Work item: Begin the copy at the line that contains "en el escenario.", end it at the last line of the entries below, keep every word exact, and include no pictures.

---

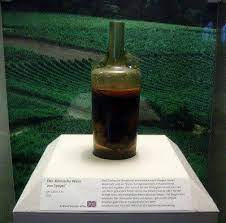 Sở dĩ chai rượu vẫn giữ nguyên trạng thái chất lỏng bên trong suốt hàng nghìn năm là do được bịt bằng sáp ong thay vì nút bần - thứ sẽ mục nát qua thời gian khiến rượu bay hơi ra ngoài.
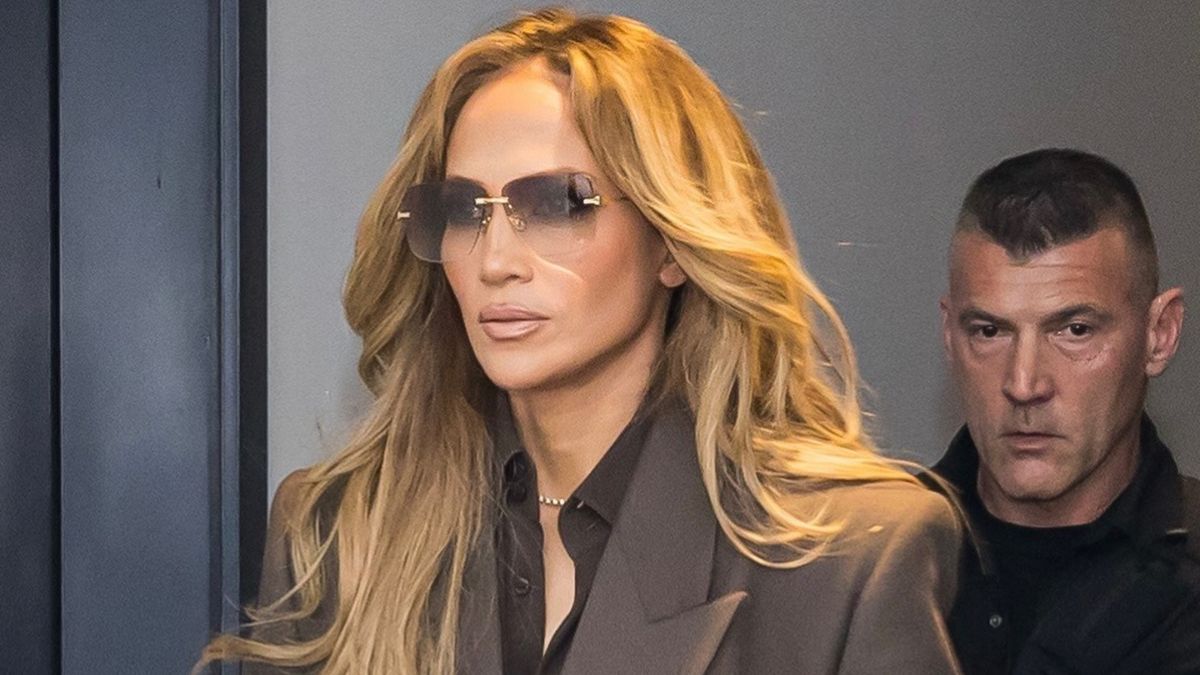 ¿Por qué no dejaron pasar a Jennifer López a la boutique Chanel? Aquí la verdadera razón Cortesía: FB Jennifer López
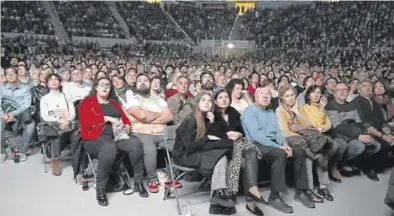  ?? ÁNGEL DE CASTRO ?? El público esperó paciente a que el músico apareciera en el escenario.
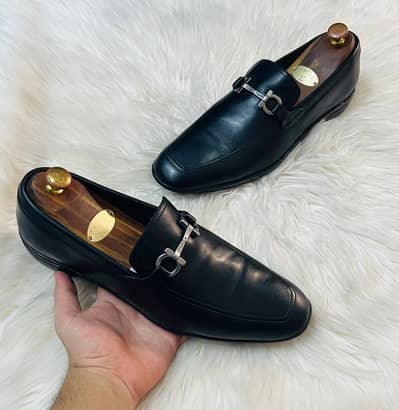 BRANDED SHOES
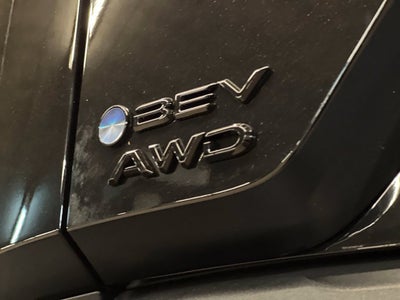 2027 Toyota C-HR SE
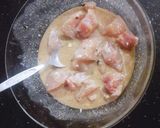 A picture of step 1 of Chicken buns.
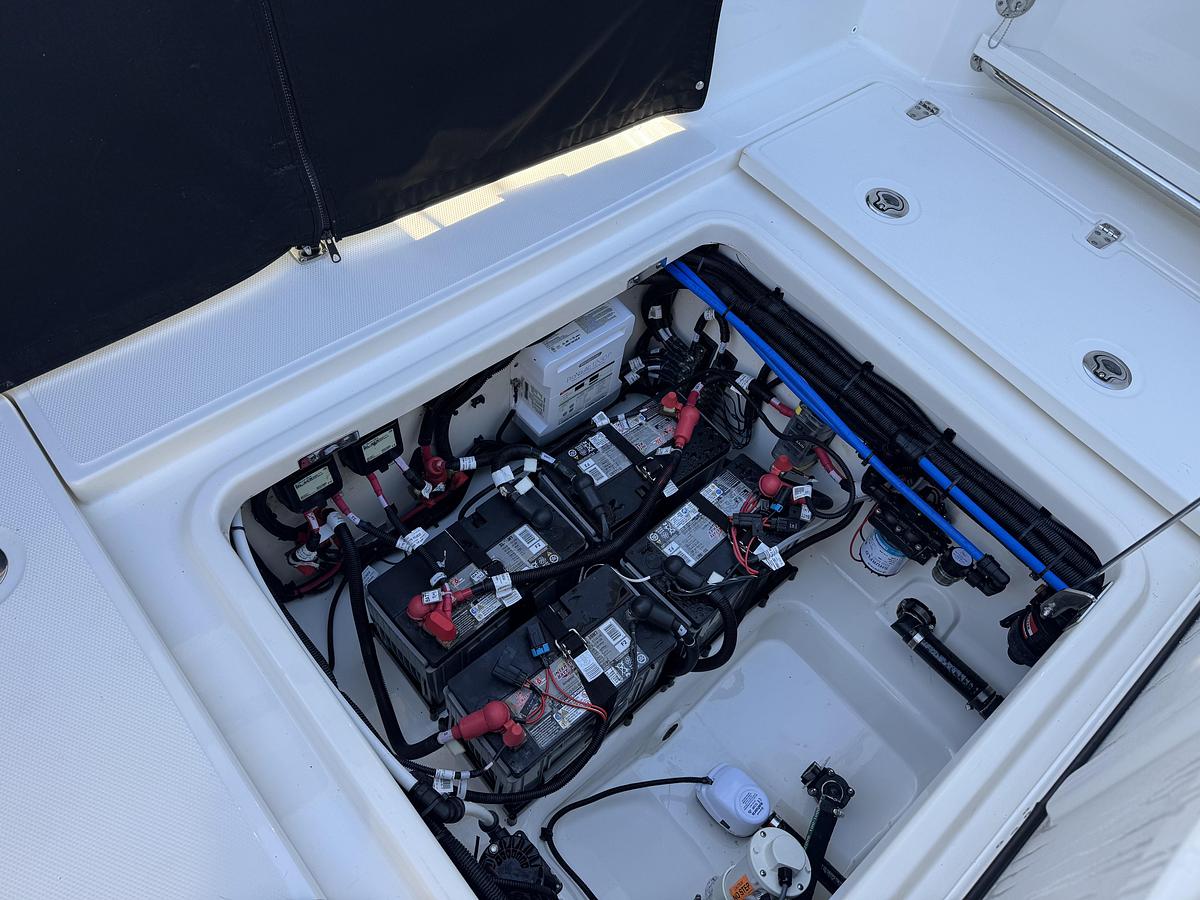 Used 2023 Boston Whaler 280 Vantage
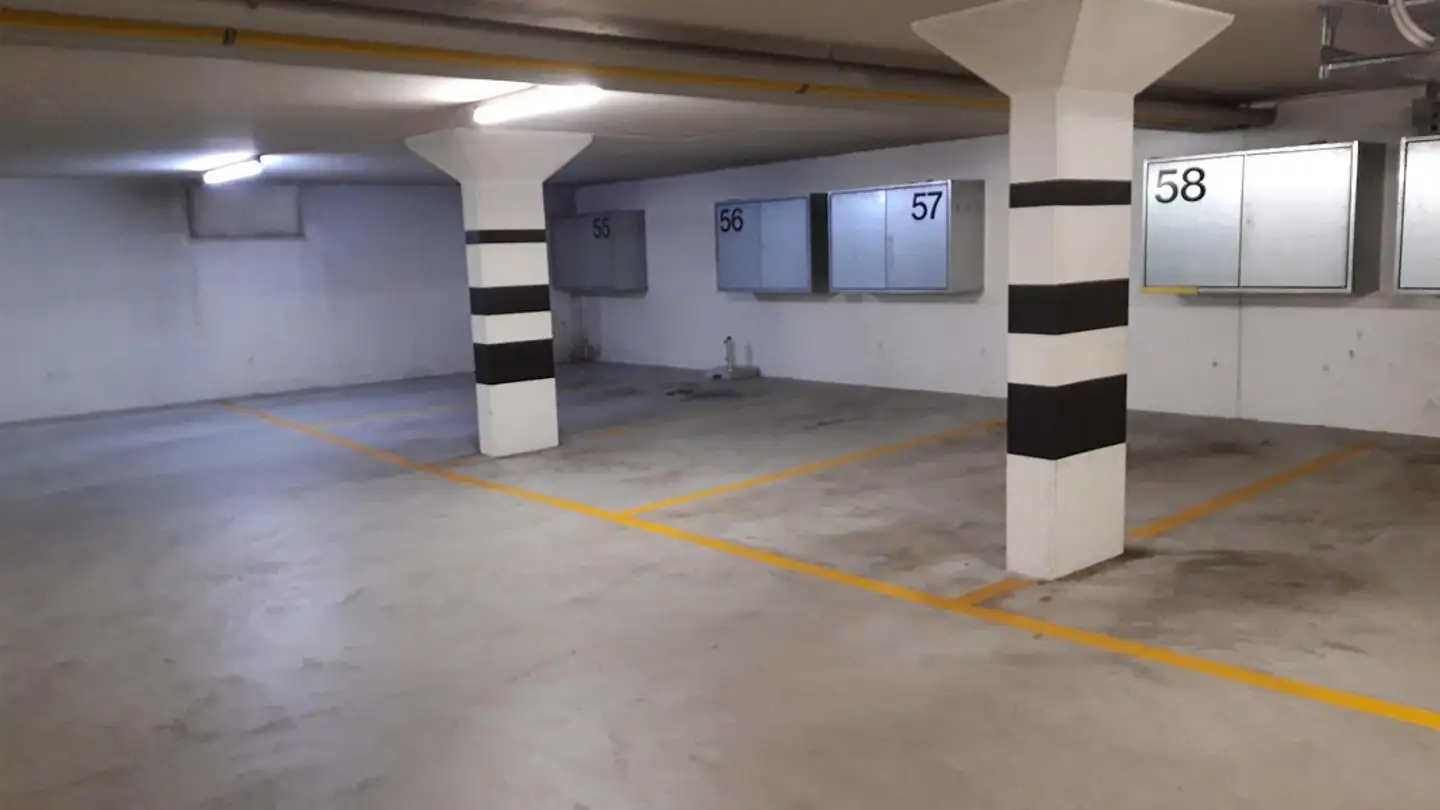 Tiefgaragenstellplatz mieten - Riedwiesen 2, 8603 Schwerzenbach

---

Answer to this problem:
  ?? ÁNGEL DE CASTRO ?? El público esperó paciente a que el músico apareciera en el escenario.
 BRANDED SHOES
 2027 Toyota C-HR SE
 A picture of step 1 of Chicken buns.
 Used 2023 Boston Whaler 280 Vantage
 Tiefgaragenstellplatz mieten - Riedwiesen 2, 8603 Schwerzenbach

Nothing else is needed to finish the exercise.